You can also look into the Seiko SERVICE manual but you might want to also check:

http://www.pmwf.com/Watches/Seiko/TiPerpCalBackOpen.htm

http://www.pmwf.com/Watches/Seiko/TiPerpCalBatteryOut.htm

(in last one the movement becomes visible).


----------



## Gansan (Aug 21, 2008)

Great looking watch! |> |>


----------



## reverendkb (Dec 12, 2007)

Sweet watch. Very nice article. Love that Google translator. Thanks for the lume shot. Seiko is noted for its lume and this looks good. Certainly not a Monster or a Sawtooth, but excellent night visibility for a watch of its size, design and purpose. I'm thinking about one of these, but (I expect some flack here) I'm not sold on the GMT hand. Ergo, I'm leaning to an 8f32, possibly. Anyway, good job and thanks.


----------



## Catalin (Jan 2, 2009)

reverendkb said:


> Sweet watch. Very nice article. Love that Google translator. Thanks for the lume shot. Seiko is noted for its lume and this looks good. Certainly not a Monster or a Sawtooth, but excellent night visibility for a watch of its size, design and purpose. I'm thinking about one of these, but (I expect some flack here) I'm not sold on the GMT hand. Ergo, I'm leaning to an 8f32, possibly. Anyway, good job and thanks.

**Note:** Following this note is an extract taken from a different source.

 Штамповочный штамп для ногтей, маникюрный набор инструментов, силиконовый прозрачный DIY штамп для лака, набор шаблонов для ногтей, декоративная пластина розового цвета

The 'new' models are kind of restricted in number right now, but I have seen used models selling as low as 50 US$ on ebay last week ... but if you travel a little the 8F56 GMT hand is very nice (as a home reference) ... the same if you use a 'fixed' reference time like GMT / Zulu ...


----------



## safi_cz (Dec 28, 2007)

Catalin said:


> The 'new' models are kind of restricted in number right now, but I have seen used models selling as low as 50 US$ on ebay last week ... but if you travel a little the 8F56 GMT hand is very nice (as a home reference) ... the same if you use a 'fixed' reference time like GMT / Zulu ...

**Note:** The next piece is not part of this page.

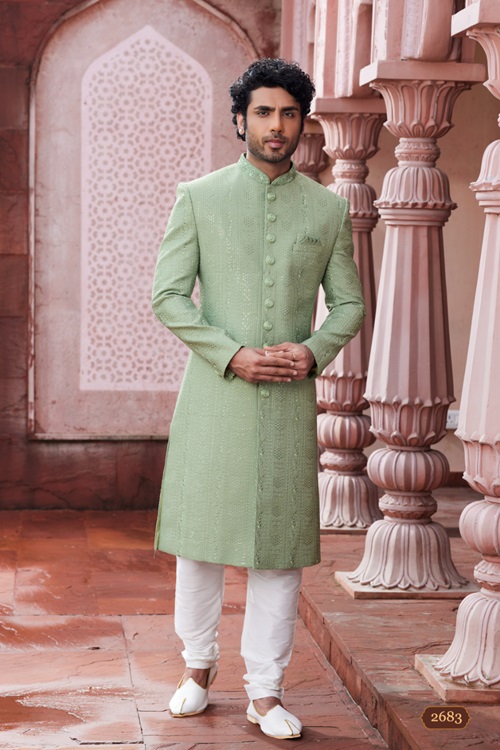 Men's Pista Green Woven Sherwani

To be honest, I have not found any practical usage for GMT hand  thank you all for your comments  I was thinking why Seiko made end pieces with such huge "plays" or digs between bracelet and case.

How many people buy Grand Seiko SBGF019 when SBQJ015 is perfect (including anti-reflective glass coating)?


----------



## bws (Feb 23, 2009)

*Re: Hmm, don't keep us any longer ...*

_Eeeb,_

_Wow, I like that watch. The bezel really sets it off beautifully. Reminds me of my Accutron Astronauts. What kind of accuracy do you get?_

_Thanks,_

_bws_


----------



## Eeeb (Jul 12, 2007)

*Re: Hmm, don't keep us any longer ...*



bws said:


> _Eeeb,_
> 
> _Wow, I like that watch. The bezel really sets it off beautifully. Reminds me of my Accutron Astronauts. What kind of accuracy do you get?_
> 
> ...


The accuracy varies with temperature. At normal temperatures it will require some regulation to meet specs. I think this can be done by cutting some runs on the printed circuit board.


----------



## m2steven (Feb 2, 2009)

If that beautiful dog approves of that lovely Alpinist...I may have to get one. I love that watch....


----------



## mayostard (Dec 31, 2007)

I just got the SLT077. Fantastic piece. 

Since I travel a lot I absolutely love the independently settable hour hand. I've set the 24-hour hand to my home time and synced with USNO. 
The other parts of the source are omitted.